This article is about HF amateur radio on the Winnebiko II back in 1988, and is one of my favorites from the 73 Magazine series. It discusses the rig and antennas on the bike, of course, but also rhapsodizes about being a roving guest-op, cultural issues, expressiveness in CW, learning, techno-passions, and so on. This is from the epoch when I was in a groove… the bike systems were smooth, the travel brisk, and the words flowing.
My interest in HF has always been cyclic, so to speak; I’m not a contester or DXer, and in the Internet age it is no longer a novelty to communicate across the world. But radio is still magic, and this piece expresses that. The introductory article in the series is this cover story from February 1988.
by Steven K. Roberts, N4RVE
If you have been following these tales of my high-tech nomadness for awhile, you’re getting a good image of the Winnebiko II — that 12-foot, 275-pound, 54-speed, solar-powered assemblage of gizmology that has become my electronic home. I’ve pedaled it 16,000 miles around the US, and am now hauling it to and fro in an old school bus, visiting hamfests and sponsors. Next spring, we’ll hit the road again with a team of fellow nomads.
An increasingly important part of this life is ham radio. Not just the obvious convenience of two meters, but “classic” ham radio as well — HF. In this, the 9th article of our series, I’d like to discuss some of the issues involved in running 3-30 MHz while living full-time on the road.

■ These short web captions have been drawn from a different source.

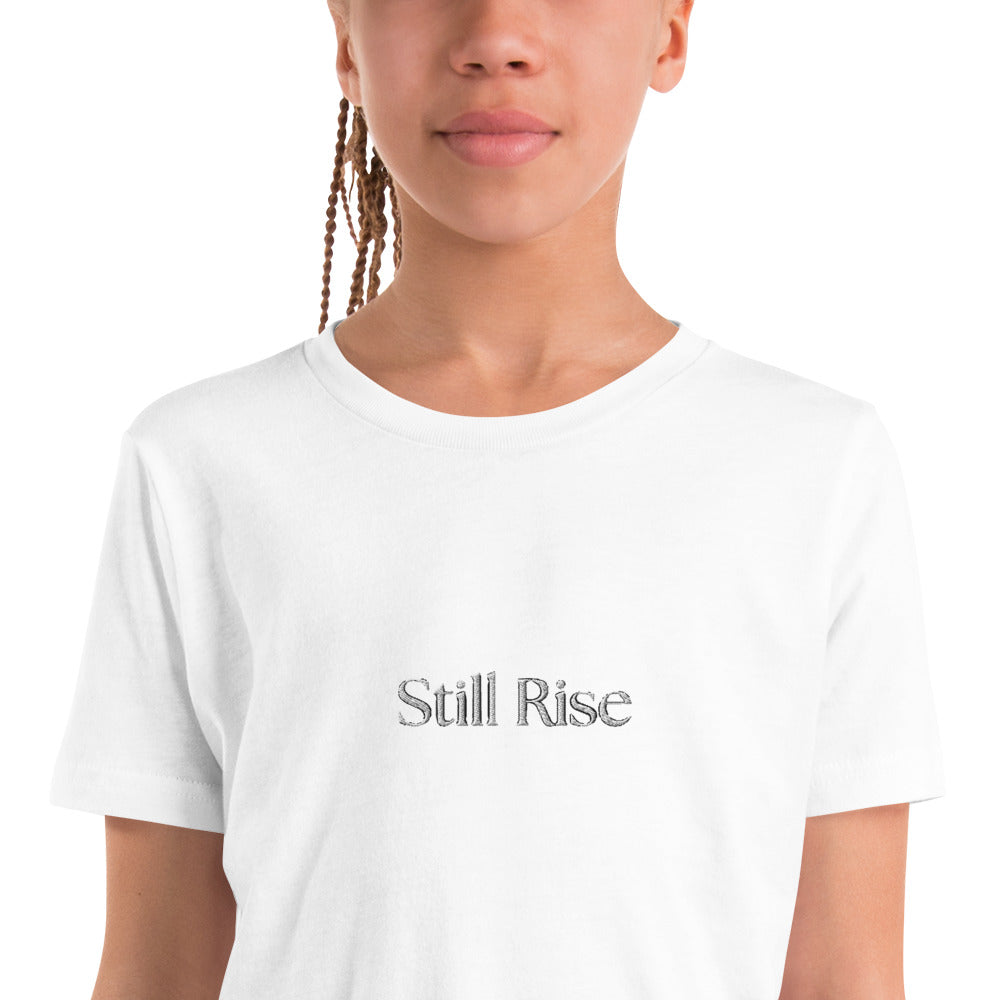 THSR Youth T-Shirt with Center-Chest Logo – White T-shirt Featuring Bold Black "Still Rise" Design for Kids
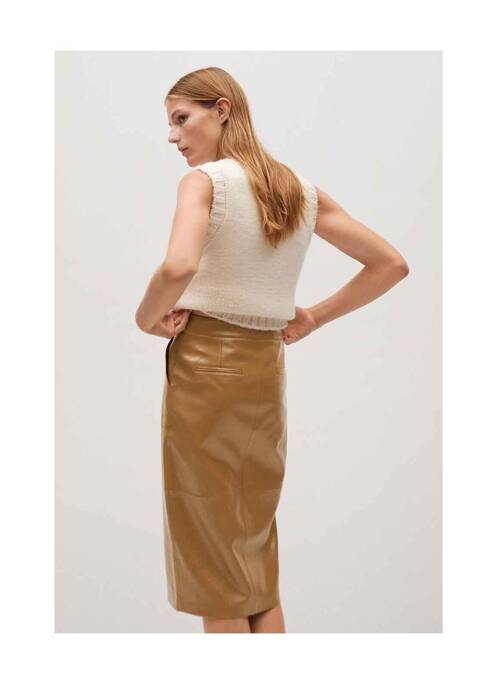 Jupe longue beige MANGO pour femme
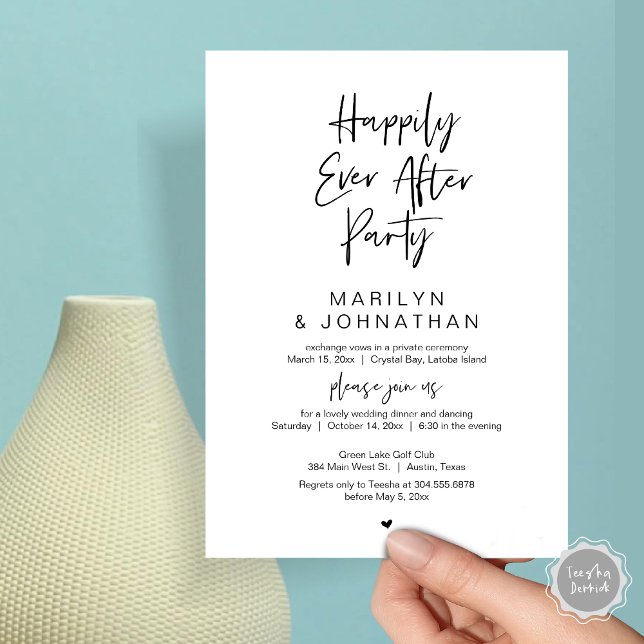 Convite Feliz Para Sempre, Festa de Elopemento de Casament (Happily Ever After, Wedding Elopement Modern Summer Party Invitation Card, PDF, in Black White)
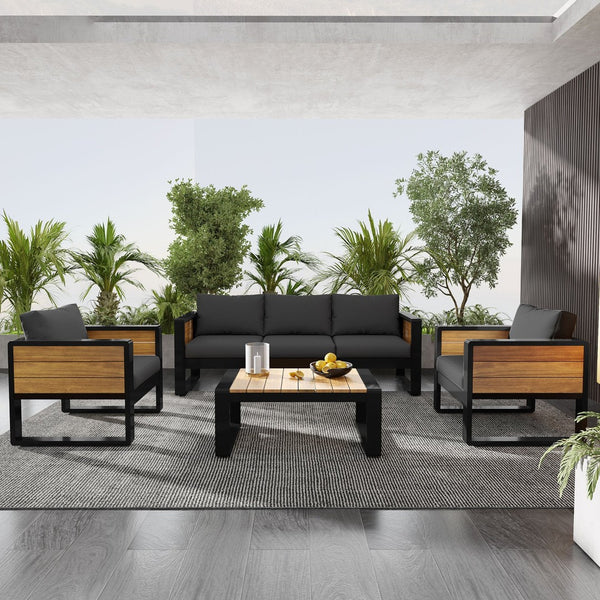 English Elm Aluminum and Wpc 4 Piece Outdoor Conversation Set Seats 5 with Grey Cushions N704G201257E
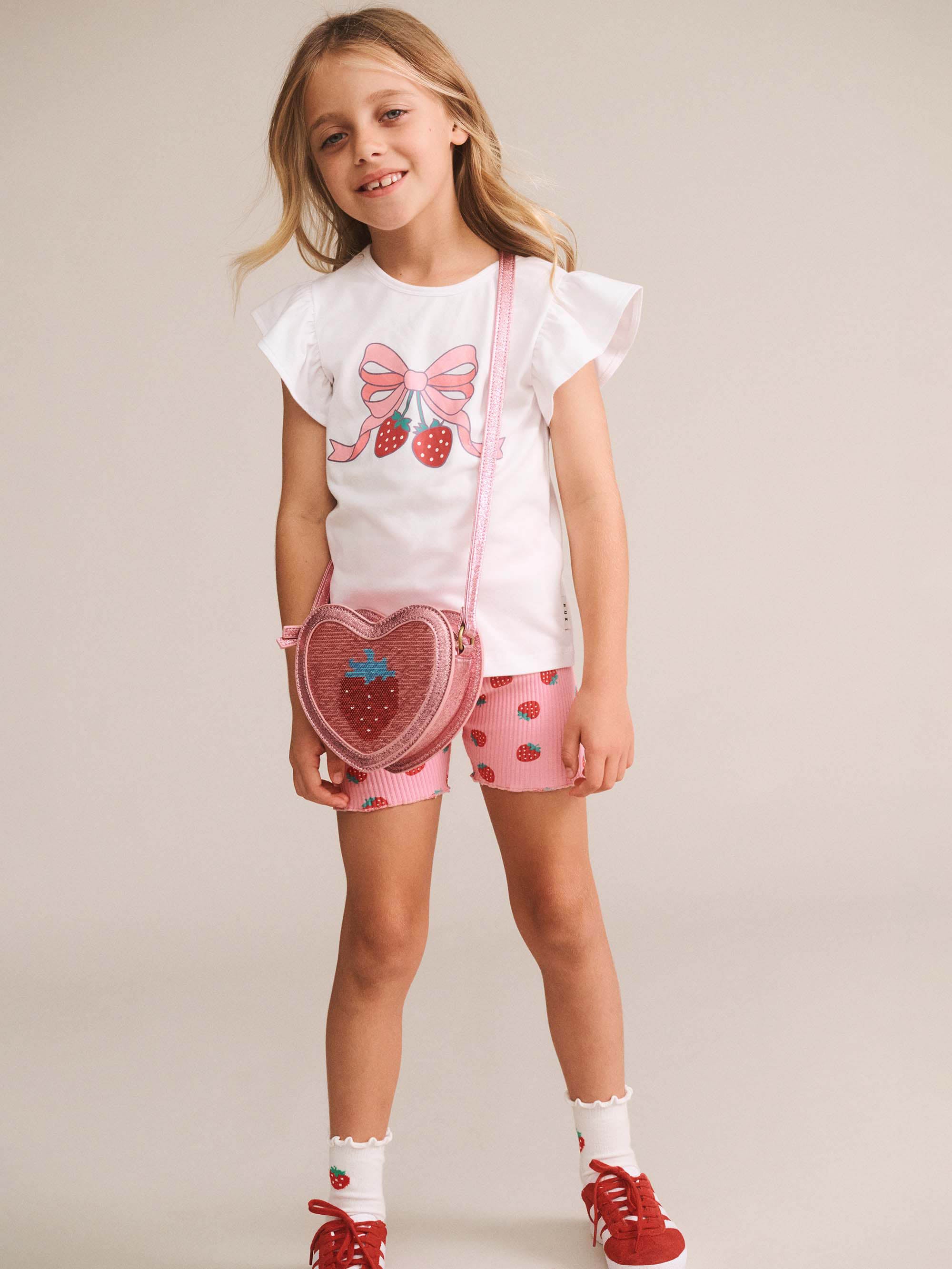 HUXBABY STRAWBERRY PRINT RIB BIKE SHORT in STRAWBERRY PRINT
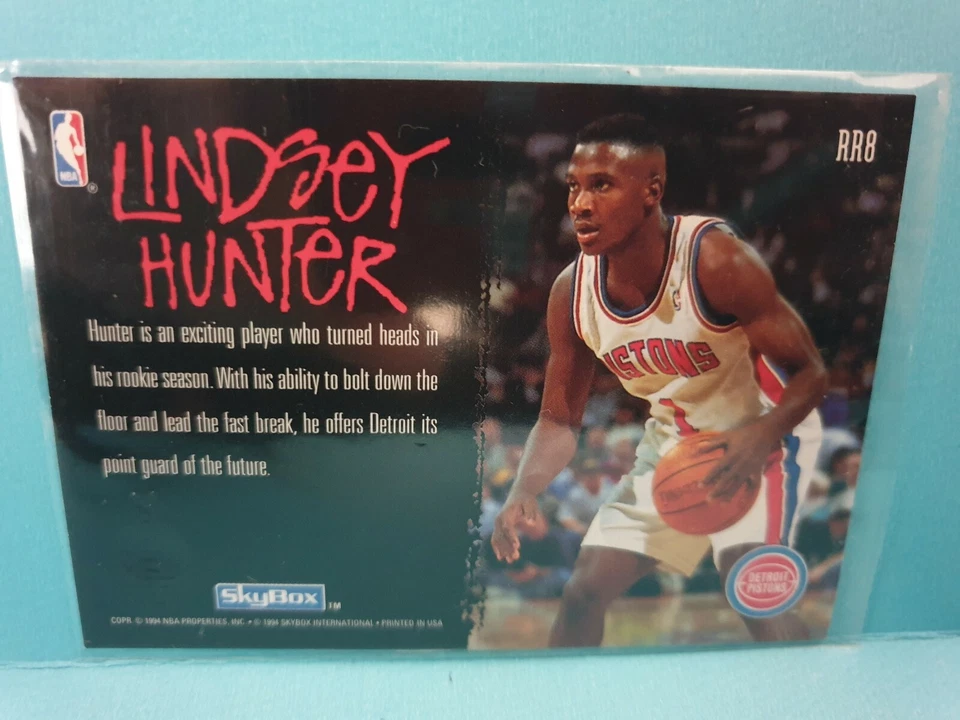 Tarjeta de baloncesto Lindsey Hunter🏆1995 Skybox #RR8 RAGIN' ROOKIES NBA 🏆PUBLICACIÓN GRATUITA Foto 2 de 2
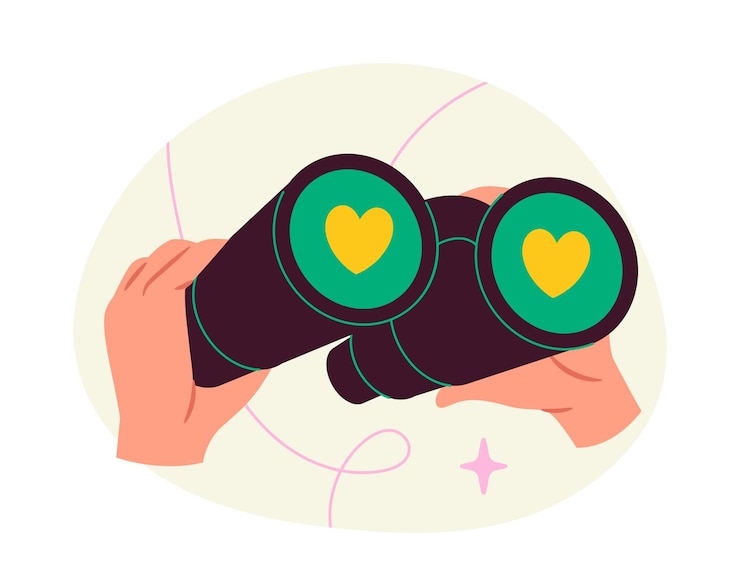 Vector hands with binocular planning and vision of future black telescope optical instrument with heart silhouettes template and layout cartoon flat vector illustration isolated on white background
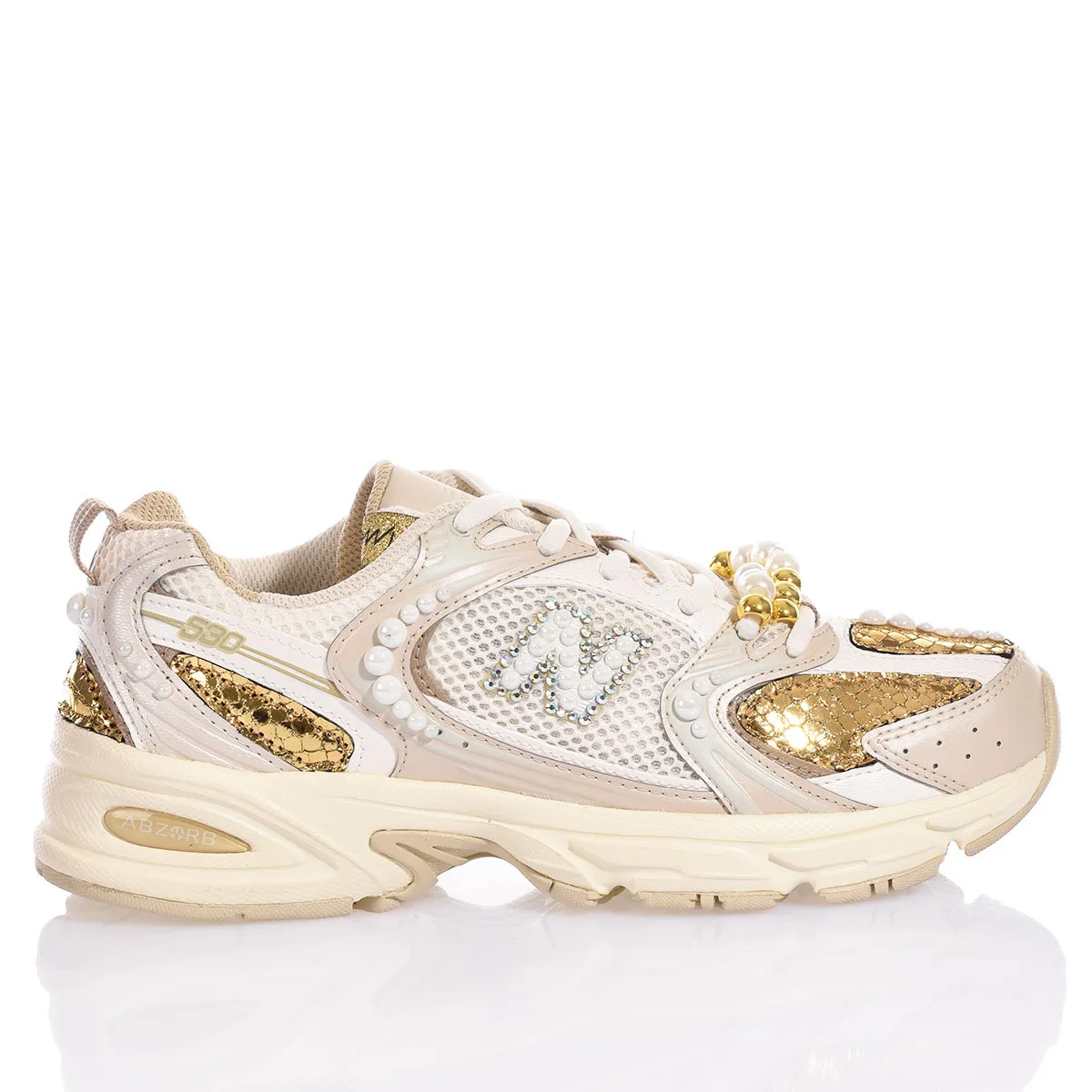 New Balance 530 Gold Cream 530 Animalier, Special, Swarovski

In last month’s article I explored the various motives that drive us hams to do what we do. Near the end I admitted to feeling about a dozen of the seventeen mentioned… many of them quite strongly, given the sweat involved in making ham radio a part of my nomadic lifestyle. 2 meters, of course, is at the appliance/survival level — it keeps me in touch with Maggie, local hams, and the reassuring presence of autopatch facilities when I feel the need for security.
But what about HF?
First of all, why go through the hassle? Why haul a 25-pound “radio pack” up mountains? Why spend hours erecting dipoles just for the pleasure of uttering plaintive QRP calls into the cacophony of the airwaves?
Is there survival value in stringing a wet noodle in Montana trees, plugging together a few cables, and hunkering over a battered Argonaut while Maggie conjures camp glopola? Perhaps, in an extreme case, we might need medical help in the wilderness someday. But that’s not what it’s about, nor is it the pure fun of making contacts, nor the twisted pleasure in coloring in counties on my US map whenever I work a new one. And were it only the technical satisfaction of making an unlikely lash-up work, the thrill would have faded by my tenth QTH.
A Global Home
No, the value of this goes to the very heart of my wanderings, touching the same cravings that, five years ago, led me to trade my security for freedom and hit the road. A traditional home wasn’t enough… I wanted a global one. And, of course, it’s now a question I hear almost every day: “What do you call home?” The answer has three parts…
On one level, home is the bike, the trailer, Maggie, and all the stuff we haul around with us. Home is also the whole world — a giant neighborhood that we prowl, visiting old friends and making new ones. But there’s a third level, every bit as important as the other two: Dataspace. That’s the vaporous global culture of electronically linked brains, made up of computer networks, BBS systems, the packet culture, and the planet-wide community of ham radio operators whose voices crackle through the bike’s headphones whenever I say something like “N4RVE, bicycle-mobile QRP. QRZ?” Thanks in part to this series in 73 Magazine, electronic doors open every time I go on the air and the security that comes from having an extended electronic family goes a long way toward delaying the urge to settle down.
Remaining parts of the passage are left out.